Multi-Mex Distributor has recalled dietary supplements that may be labeled as antibiotic drugs. The recall was initiated after an US Food and Drug Administration (FDA) inspection revealed the product packaging mimics antibiotics readily available in Mexico and possibly familiar to Hispanic consumers. Consumers may be confused in thinking that the dietary supplements are actually antibiotics.
The products were distributed in nine states, including California, to the retail store and distributors.
To see the full list of recalled products, please click here.
Warnings of these dietary supplements made news in Texas on Thursday, April 28th, when four children were taken to a medical center due to worsening illnesses after being given dietary supplements the parents may have believed were antibiotics and which were packaged to resemble antibiotics that are readily available as over the counter drugs in Mexico. Giving the dietary supplement may have delayed legitimate medical treatment. Although the labels were printed in English and Spanish, the packaging appears to be an intentional marketing ploy to mimic antibiotics and directed at Hispanic buyers. It was determined the children had been given a dietary supplement, Amoxilina, which the parents may have believed was the antibiotic Amoxicillin.
Consumers who have used the products and have concerns should contact their healthcare provider.
Consumers who have purchased any of the recalled products are urged to discontinue their use immediatly. Consumers should discard the products or return them to the place of purchase for a full refund. Retail stores and distributors are to return the products to Multi-Mex, 4744-C North Royal Atlanta Drive, Tucker, GA. 30084. Consumers with questions may call at 678-226-1758 (Monday-Friday 9:00 am – 5:00 pm).
The FDA and the Monterey County Health Department also encourage consumers to consult with their health care professional before taking any dietary supplements.
All consumers should be aware of the following signs of health fraud:
- Promises of an “easy” fix for problems like excess weight, hair loss, or impotency.
- Claims such as “scientific breakthrough,” “miraculous cure,” “secret ingredient,” and “ancient remedy.
- Impressive-sounding terms, such as “hunger stimulation point” and “thermogenesis” for a weight loss product.
- Claims that the product is safe because it is “natural.”
- Undocumented case histories or personal testimonials by consumers or doctors claiming amazing results.
- Promises of no-risk, money-back guarantees.

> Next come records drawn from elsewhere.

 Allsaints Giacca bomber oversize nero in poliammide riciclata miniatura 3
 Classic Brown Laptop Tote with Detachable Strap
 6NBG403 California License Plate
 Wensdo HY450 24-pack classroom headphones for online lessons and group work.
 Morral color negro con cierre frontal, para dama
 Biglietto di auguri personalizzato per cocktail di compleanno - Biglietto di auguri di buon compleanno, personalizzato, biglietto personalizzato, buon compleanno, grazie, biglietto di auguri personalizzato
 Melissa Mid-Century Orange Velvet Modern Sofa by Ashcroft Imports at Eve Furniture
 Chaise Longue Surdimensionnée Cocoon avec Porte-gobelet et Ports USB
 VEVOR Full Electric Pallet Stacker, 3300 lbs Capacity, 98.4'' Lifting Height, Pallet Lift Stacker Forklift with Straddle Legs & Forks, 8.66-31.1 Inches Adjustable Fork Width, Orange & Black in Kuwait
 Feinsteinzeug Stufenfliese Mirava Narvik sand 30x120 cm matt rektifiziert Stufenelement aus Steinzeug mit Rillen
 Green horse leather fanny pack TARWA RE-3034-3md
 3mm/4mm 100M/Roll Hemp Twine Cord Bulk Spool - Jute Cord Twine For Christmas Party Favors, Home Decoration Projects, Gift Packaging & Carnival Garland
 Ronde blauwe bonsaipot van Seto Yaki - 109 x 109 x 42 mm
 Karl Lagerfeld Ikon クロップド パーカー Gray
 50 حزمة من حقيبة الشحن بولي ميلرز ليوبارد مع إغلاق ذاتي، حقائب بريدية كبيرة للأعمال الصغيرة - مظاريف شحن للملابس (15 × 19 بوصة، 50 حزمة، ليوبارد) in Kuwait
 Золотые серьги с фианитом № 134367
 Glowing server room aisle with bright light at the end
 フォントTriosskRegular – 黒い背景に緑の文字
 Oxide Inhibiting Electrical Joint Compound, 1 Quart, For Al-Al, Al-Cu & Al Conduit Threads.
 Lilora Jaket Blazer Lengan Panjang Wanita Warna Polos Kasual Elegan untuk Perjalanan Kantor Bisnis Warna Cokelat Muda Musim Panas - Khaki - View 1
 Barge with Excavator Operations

- Claims that the product is a replacement for a prescription medication
Any adverse events that may be related to the use of recalled products should be reported to the FDA’s MedWatch Adverse Event Reporting program online [at www.fda.gov/MedWatch/report.htm], by phone [1-800-FDA-1088], or by returning the postage paid FDA form 3500 [which may be downloaded from: www.fda.gov/MedWatch/getforms.htm] by mail [to MedWatch, 5600 Fishers Lane, Rockville, MD 20852-9787] or fax [1-800-FDA- 0178].